La connaissance accrue de ses limites et de ses droits a engendré chez Gabriel la peur d’être sanctionné pour avoir agi dans une situation où théoriquement il n’aurait pas dû agir. D’autant plus que Gabriel est conscient que la moindre faute, par une prise de responsabilité indue, peut provoquer de graves dégâts sur la santé des résidants et mettre en péril, à la fois, le travail d’un de ses collègues placé sous sa responsabilité, ainsi que sa propre place d’apprentissage. Malgré cette prise de conscience sur ses limites en tant qu’apprenti, Gabriel semble souffrir du manque de responsabilité qu’on lui a confiée, surtout au début de son apprentissage : « Il y a des choses que j’ai pas le droit de faire et je pense que ça, ça met un

certain blocage pour certaines choses, je le comprends et je m’énerve pas pour ça, c’est normal mais je pense que ça m’aiderait (…), pas d’avoir plus de responsabilité mais…» (G1, L206-210). Son hésitation à la fin de sa phrase laisse à penser que ce manque de responsabilité le dérange. Ce qui est confirmé tout de suite après par ses propos : « Voilà c’est un truc, pas qui me pèse, (…) mais ça me dérange un peu. » (G1, L 214-216).

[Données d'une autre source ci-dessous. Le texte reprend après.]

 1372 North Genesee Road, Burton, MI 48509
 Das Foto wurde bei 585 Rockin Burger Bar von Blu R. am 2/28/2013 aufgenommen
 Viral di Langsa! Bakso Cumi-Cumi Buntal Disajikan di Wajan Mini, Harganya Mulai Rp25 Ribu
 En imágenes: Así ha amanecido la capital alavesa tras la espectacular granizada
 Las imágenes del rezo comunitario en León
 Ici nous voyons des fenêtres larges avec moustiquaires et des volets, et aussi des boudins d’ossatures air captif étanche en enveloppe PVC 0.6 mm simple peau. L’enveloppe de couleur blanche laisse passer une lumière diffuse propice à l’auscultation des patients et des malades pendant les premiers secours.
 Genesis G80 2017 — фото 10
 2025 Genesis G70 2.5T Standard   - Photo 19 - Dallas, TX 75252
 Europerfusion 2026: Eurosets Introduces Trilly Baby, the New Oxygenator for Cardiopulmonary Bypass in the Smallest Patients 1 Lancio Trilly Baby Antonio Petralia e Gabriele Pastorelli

Cependant, une méconnaissance de ses limites peut également mettre l’apprenant dans une situation de malaise. En référence au sentiment de sécurité psychique, qui concerne le crédit que les autres nous accordent en cas d’erreur, celui-ci joue un rôle sur les apprentissages parce que quatre risques lui sont liés. L’un des quatre risques est celui d’être perçu comme une personne perturbatrice. Comme c’est le cas de Clara qui, en début de première année, n’osait pas se confier à sa formatrice en rapport à ses limites en tant qu’apprenante :

« Avant j’aurais pas osé en parler à N en fait. Même lui demander conseil, peur de la confrontation avec les parents ou bien avec les autres intervenants ou bien ouais peur que ça crée des soucis, c’est vrai qu’au début, ma place d’apprentie enfin, je savais pas vraiment mes limites. » (C2, L116-119). « Je pense que j’aurais eu peur qu’elle pense qu’après voilà je fasse des soucis qui amènent des tensions, enfin les embêter pour rien » (C2 L 121-122).

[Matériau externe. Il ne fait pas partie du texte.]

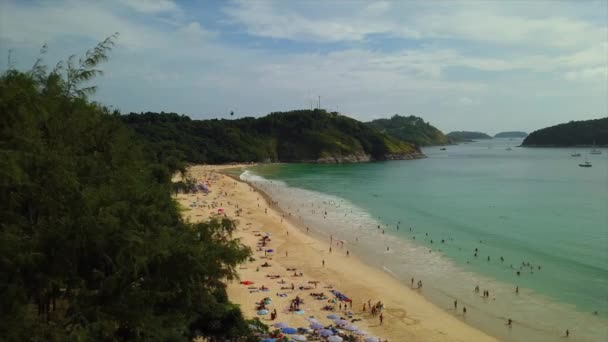 Phuket Tailandia Enero 2018 Turistas Playa Turística Phuket Island Imágenes — Vídeos de Stock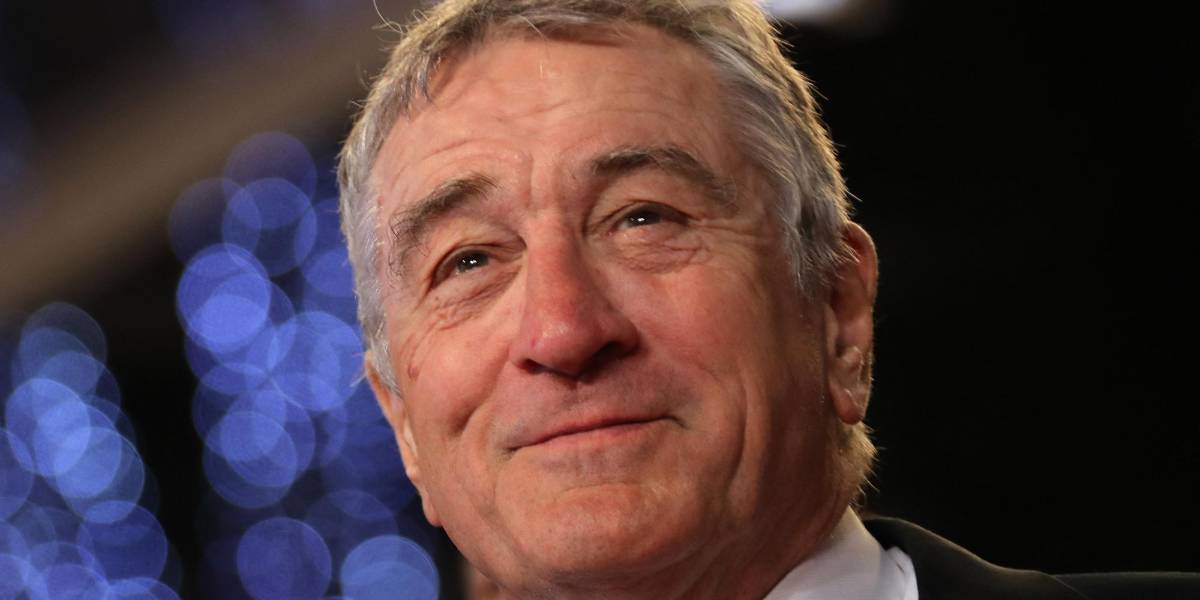 Robert De Niro celebra sus 81 años lanzándose desde una altura de 9 metros al mar, el video es viral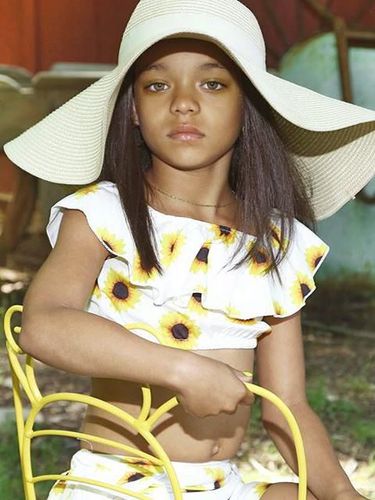 Viral, Gadis Kecil Mirip Banget Rihanna Sampai Bikin Kaget Sang Penyanyi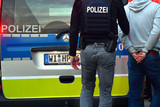 Nachdem ein Betrunkener am frühen Freitagmorgen eine Wiesbadener Gaststätte verlassen sollte, schlug dieser mit einem Stuhl um sich. Er wurde festgenommen.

Mais le fait d’informer l’apprenant sur ses limites le rassure et lui permet d’avancer dans son travail. Ainsi, et selon le soutien organisationnel perçu, une bonne communication de type management où l’on fait circuler des informations au sujet du travail, permet de rassurer les collaborateurs sur leur propre travail. Clara a reçu des informations capitales sur ses limites, ce qui lui a permis d’agir en toute connaissance de cause et de se sentir plus à l’aise:

« Au début en tant qu’apprentie, je savais pas ce que je pouvais faire et ce que je pouvais pas faire, enfin j’osais pas non plus prendre trop d’initiatives, donc voilà après une fois qu’on en a parlé en entretien où ça été clairement dit "ben oui tu peux, il y a pas de souci, tu peux prendre des initiatives et les coucher". Donc là, ça a aussi fait un déblocage où je me suis plus permise. » (C1, L304-309).

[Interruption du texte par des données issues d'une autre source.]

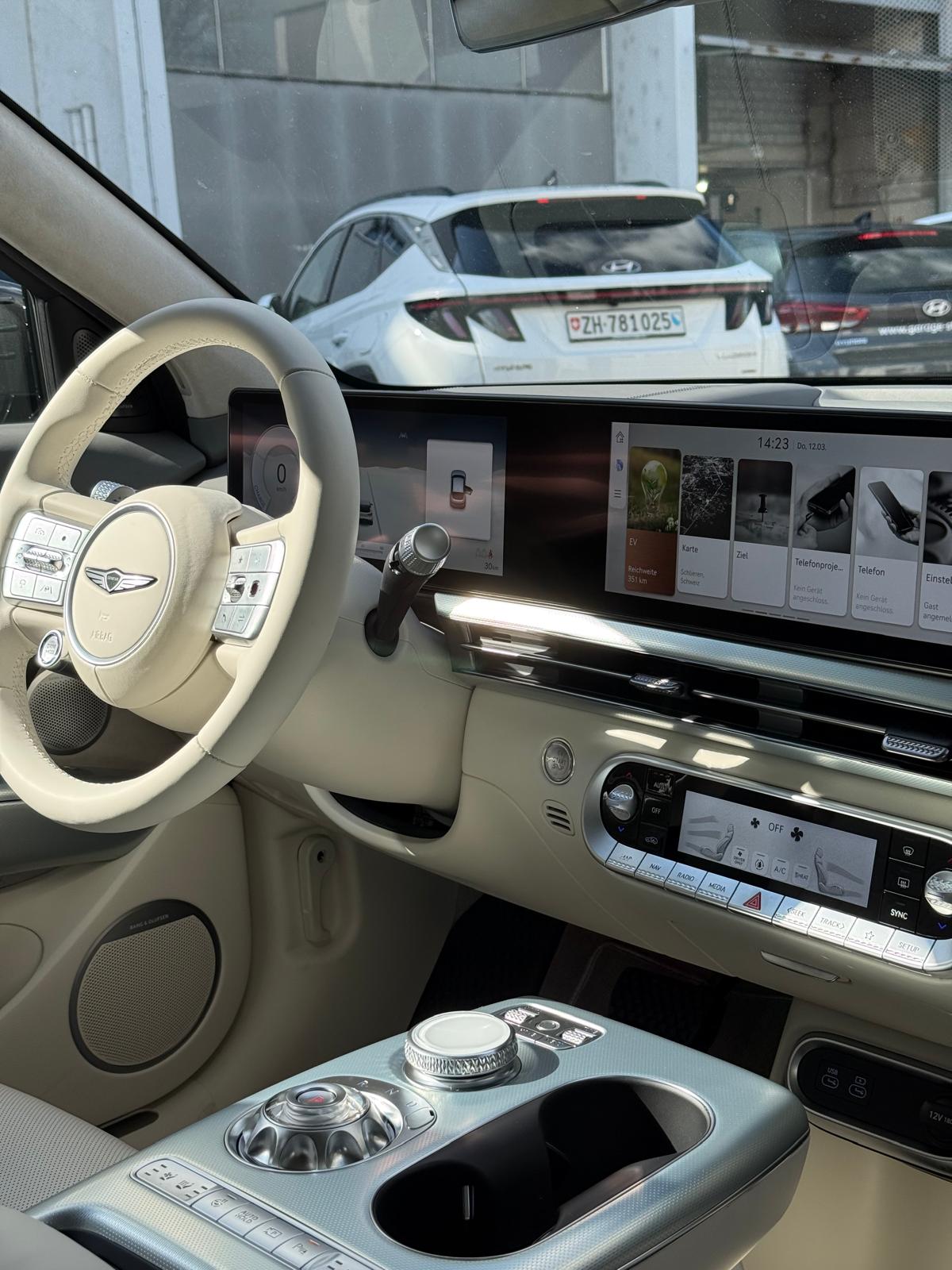 GENESIS GV60 Dual Motor Sport AWD-image-11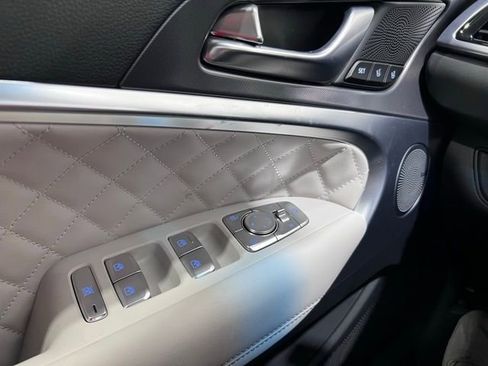 New 2025 Genesis G70 3.3T Advanced w/ Sport Prestige Package image 19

Être informé de ses limites paraît donc essentiel pour amener les apprenants à prendre de l’assurance dans leur activité de travail. C’est le cas également d’Aline, qui soulève l’importance d’être réorientée dans sa pratique en cas d’écart professionnel, parce que cela lui permet d’acquérir un savoir sur ses propres limites, ses comportements et les règles à respecter. Il y a ici un lien fort avec le facteur « rôle des tuteurs ».